Each line of the data below from the one holding "ab 01.10. renovierte" to the one holding "Used 2021 Volkswagen", inclusive, is to be reproduced exactly; no other line belongs in the answer.
═══ DATA FOR THE TASK ═══
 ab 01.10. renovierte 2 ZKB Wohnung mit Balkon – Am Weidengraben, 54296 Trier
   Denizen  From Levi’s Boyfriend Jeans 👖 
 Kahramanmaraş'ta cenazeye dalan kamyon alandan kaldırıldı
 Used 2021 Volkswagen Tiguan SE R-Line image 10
═══
═══ DATA FOR THE TASK ═══
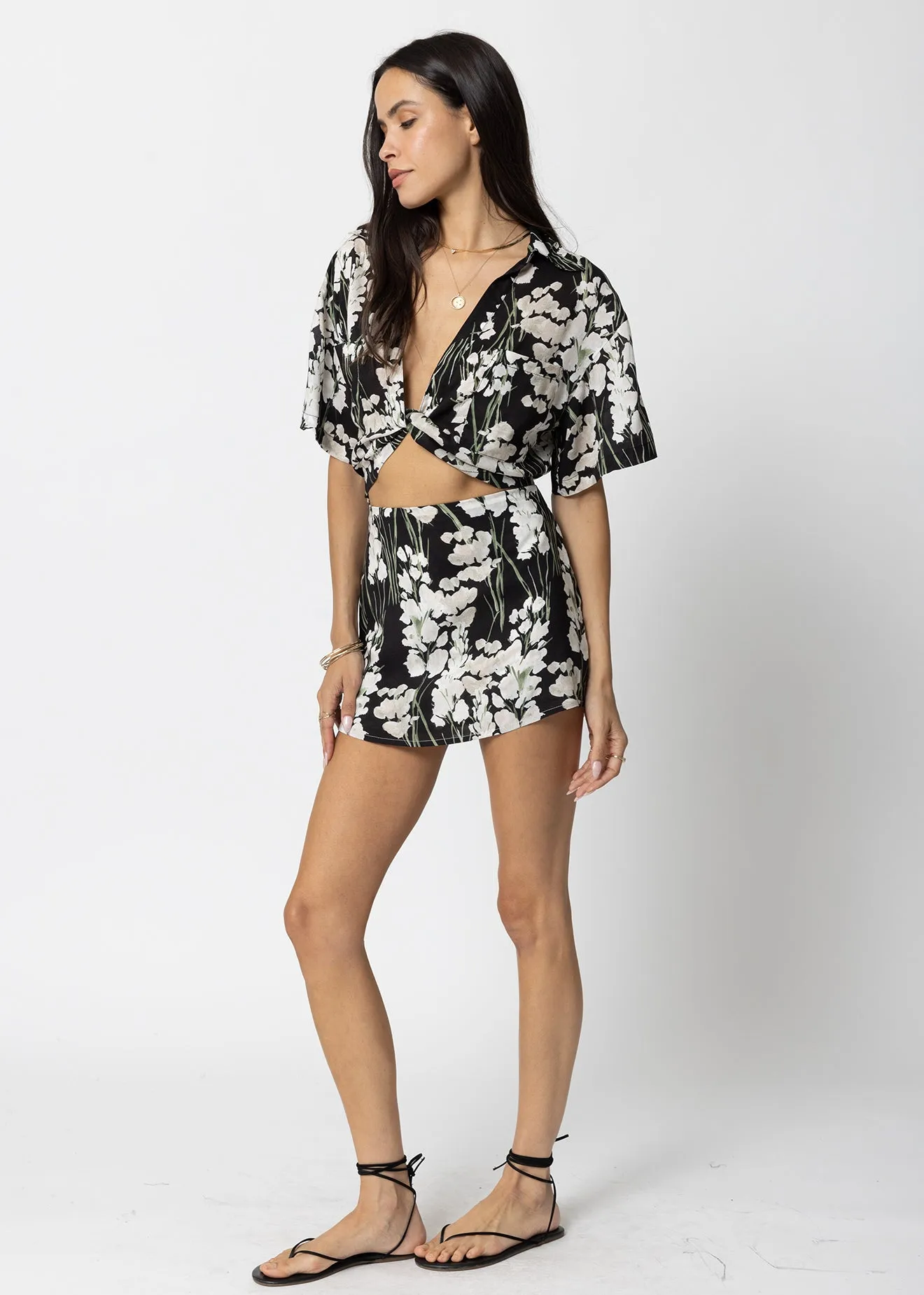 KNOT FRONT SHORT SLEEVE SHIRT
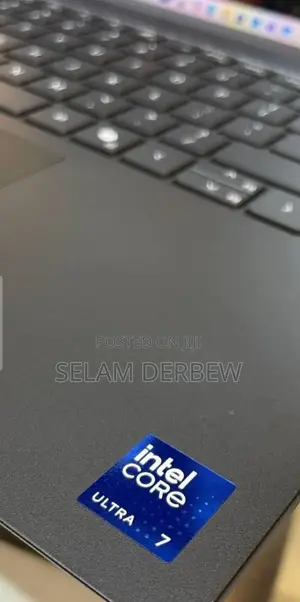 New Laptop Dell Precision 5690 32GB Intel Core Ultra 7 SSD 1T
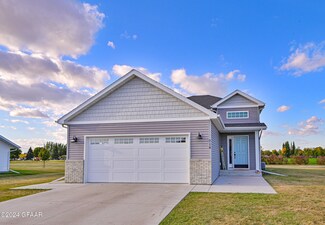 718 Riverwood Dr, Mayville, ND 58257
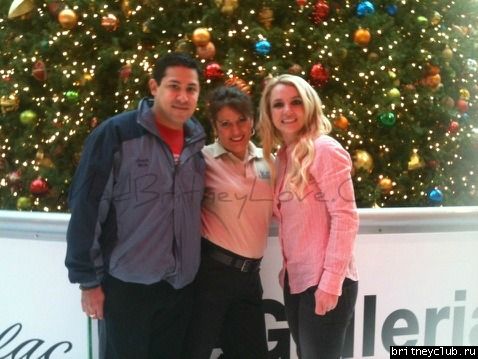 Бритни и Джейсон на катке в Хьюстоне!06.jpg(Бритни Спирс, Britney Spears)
═══
— ANSWER BELOW —
 ab 01.10. renovierte 2 ZKB Wohnung mit Balkon – Am Weidengraben, 54296 Trier
   Denizen  From Levi’s Boyfriend Jeans 👖 
 Kahramanmaraş'ta cenazeye dalan kamyon alandan kaldırıldı
 Used 2021 Volkswagen Tiguan SE R-Line image 10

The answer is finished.